United States District Court, S.D. New York
SCAROLA MALONE & ZUBATOV LLP, and RICHARD J.J. SCAROLA, Plaintiffs,
VERIZON COMMUNICATIONS, INC., and McCARTHY, BURGESS & WOLFF, Defendants.
MEMORANDUM AND ORDER
P. KEVIN CASTEL, District Judge.
Plaintiffs Scarola Malone & Zubatov LLP ("SMZ"), proceeding pro se, and Richard J.J. Scarola ("Scarola") bring this action against defendants Verizon Communications, Inc. ("Verizon") and McCarthy, Burgess & Wolf ("McCarthy"). Plaintiffs assert a breach of contract claim and a cause of action under N.Y. General Business Law § 349 against Verizon and claims under the Fair Debt Collection Practices Act ("FDCPA"), 15 U.S.C. § 1692 et seq, against McCarthy. The claims arise out of defendant Verizon's attempts, through defendant McCarthy, to collect on a terminated telecommunications service contract between SMZ and Verizon.

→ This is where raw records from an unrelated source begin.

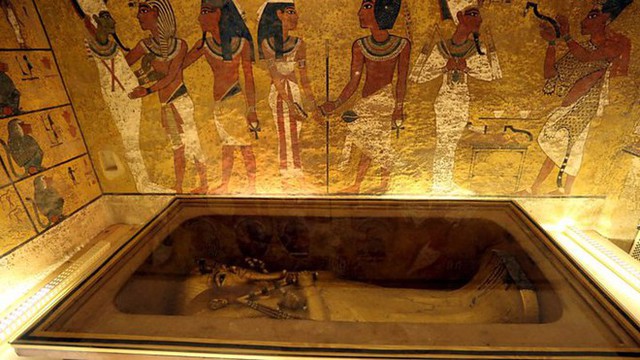 Chân dung Nữ hoàng Nefertiti quyền năng của Ai Cập cổ đại, được mệnh danh “đẹp nhất lịch sử”, khiến thần Mặt Trời cũng phải ngây ngất  - Ảnh 9.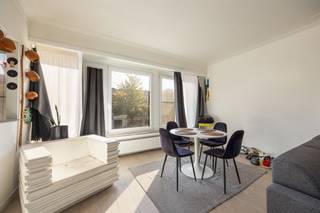 ONTDEK DIT INSTAPKLARE APPARTEMENT MET 2 SLAAPKAMERS NABIJ MIDDELHEIMBent u op zoek naar een instapklaar appartement in een kleinschalige...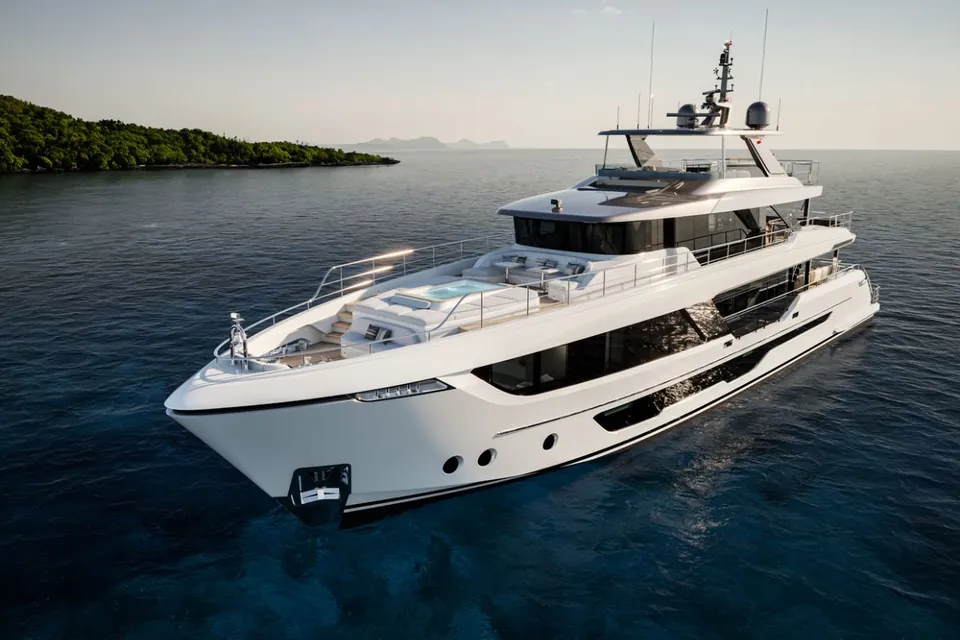 2025 Majesty Yachts 112 Terrace, photo 3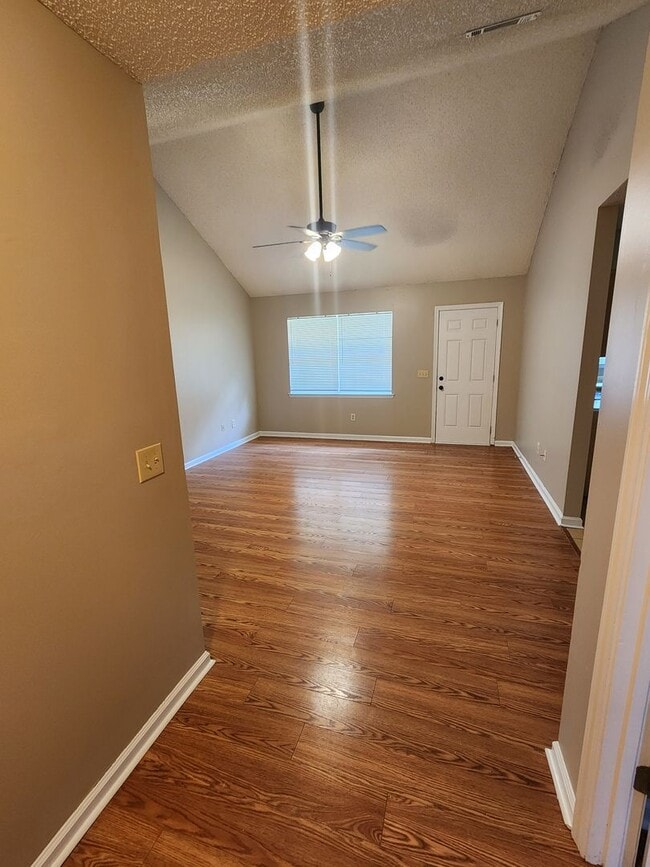 Building Photo - 2710 Java Ct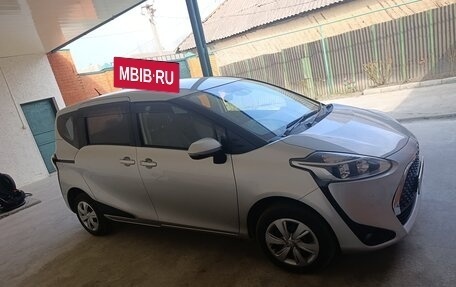 Toyota Sienta II, 2019 год, 2 000 000 рублей, 8 фотография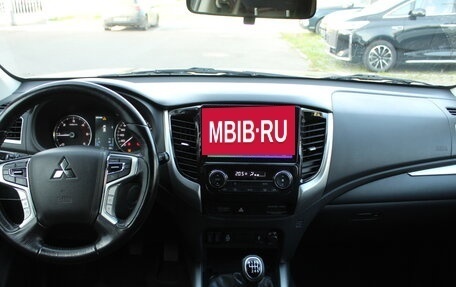 Mitsubishi Pajero Sport III рестайлинг, 2019 год, 2 654 000 рублей, 17 фотография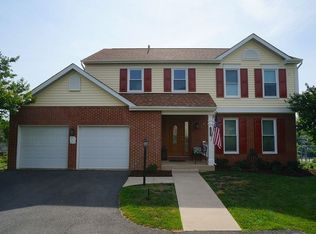 12537 Rock Ridge Rd, Herndon, VA 20170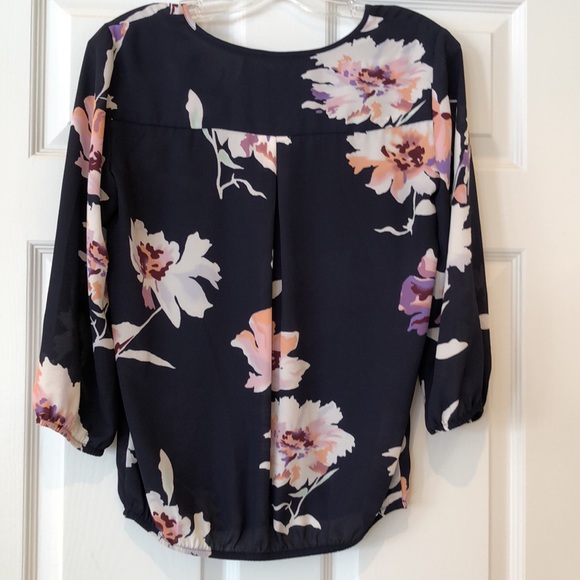 Floral blouse - Picture 2 of 3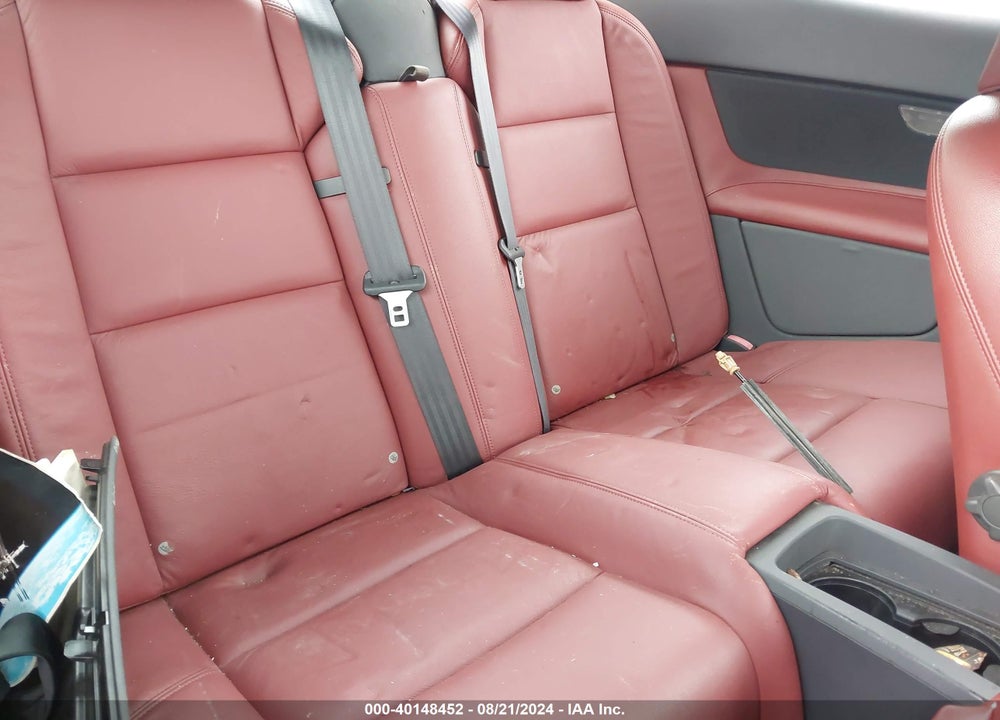 2011 VOLVO C70 T5 VIN: YV1672MC5BJ107073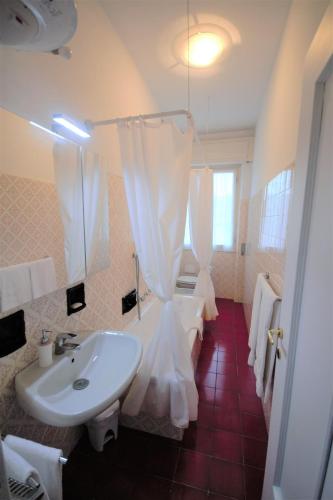 Bathroom, Holiday Home Santa Margherita Ligure in Santa Margherita Ligure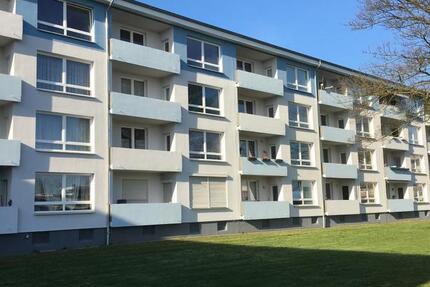 3-Zimmer-Wohnung im Erdgeschoss mit Balkon und tapeziert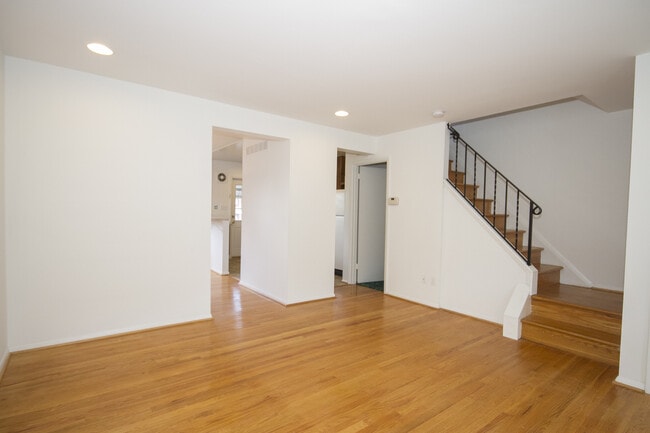 Photo - Welcome to this lovely 3bd 1.5bth home!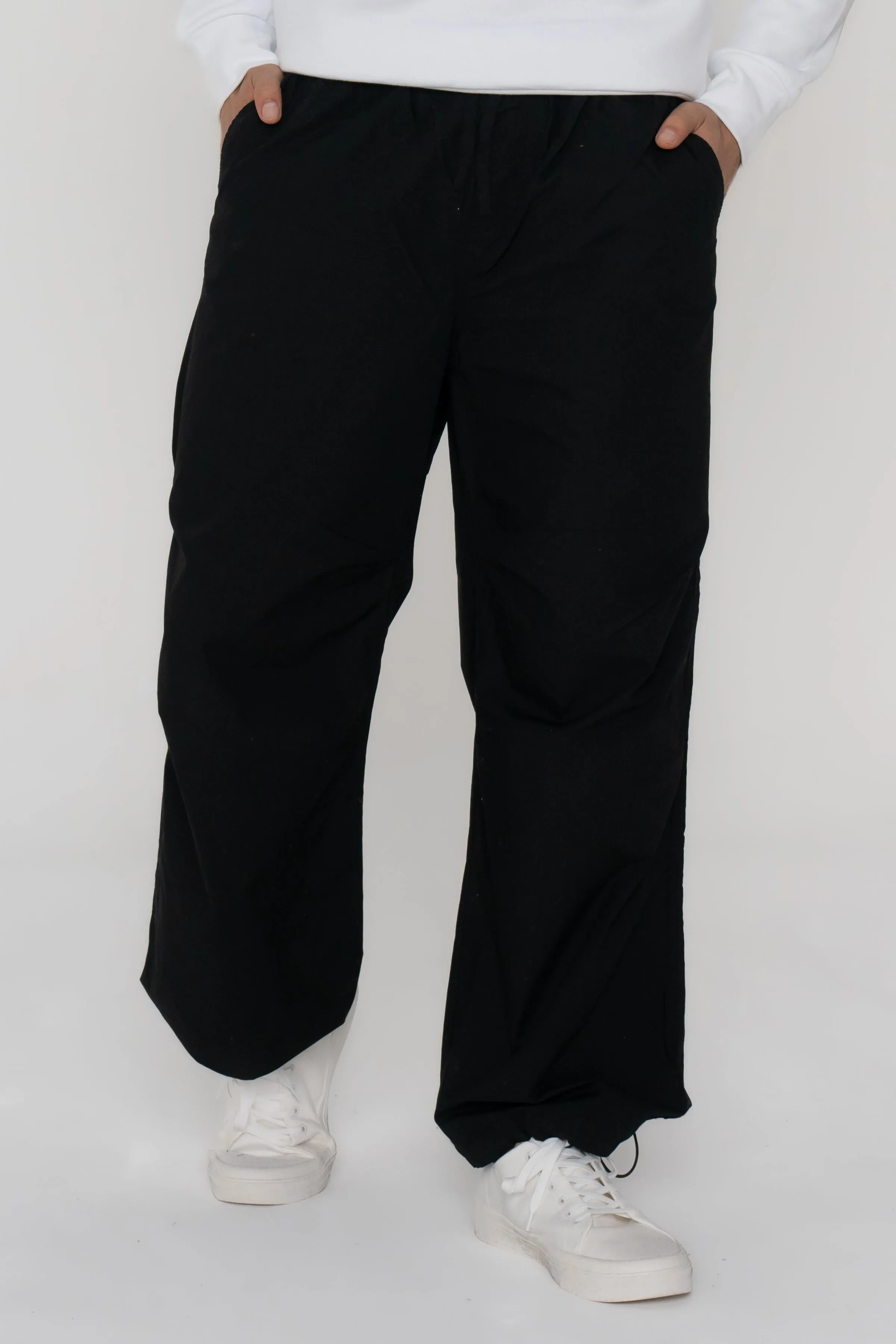 Pantalones estilo parachute Corte balloon | Negro | Jack & Jones®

Defendants now move separately to dismiss the claims asserted against them pursuant to Rule 12(b)(6), Fed.R.Civ.P. (Docket # 30, 34.) McCarthy also requests an award of costs and fees under 15 U.S.C. § 1692k(a)(3). For the reasons explained below, McCarthy's motion to dismiss is granted on the FDCPA claim, the Court denies McCarthy's request for fees and costs, and the Court declines to exercise supplemental jurisdiction over plaintiffs' remaining state law claims.
I. Factual Background
The following facts are taken from the Further Amended Complaint. (Docket # 29.) SMZ is a New York Limited Liability Partnership and a law firm. (F. Am. Compl't at 1.) Plaintiff Scarola is a member of SMZ. (Id.) Verizon provided certain telecommunications services to SMZ until late May 2012 when SMZ moved their offices to a new location and cancelled services with Verizon. (F. Am. Compl't ¶ 4.) SMZ asserts that it "took all necessary steps to give effective notice to cancel all such services." (F. Am. Compl't ¶ 7.) Plaintiffs emphasize that Verizon provided services to SMZ or its predecessors in name, but services were not provided to or paid by Scarola individually. (F. Am. Compl't ¶ 4.)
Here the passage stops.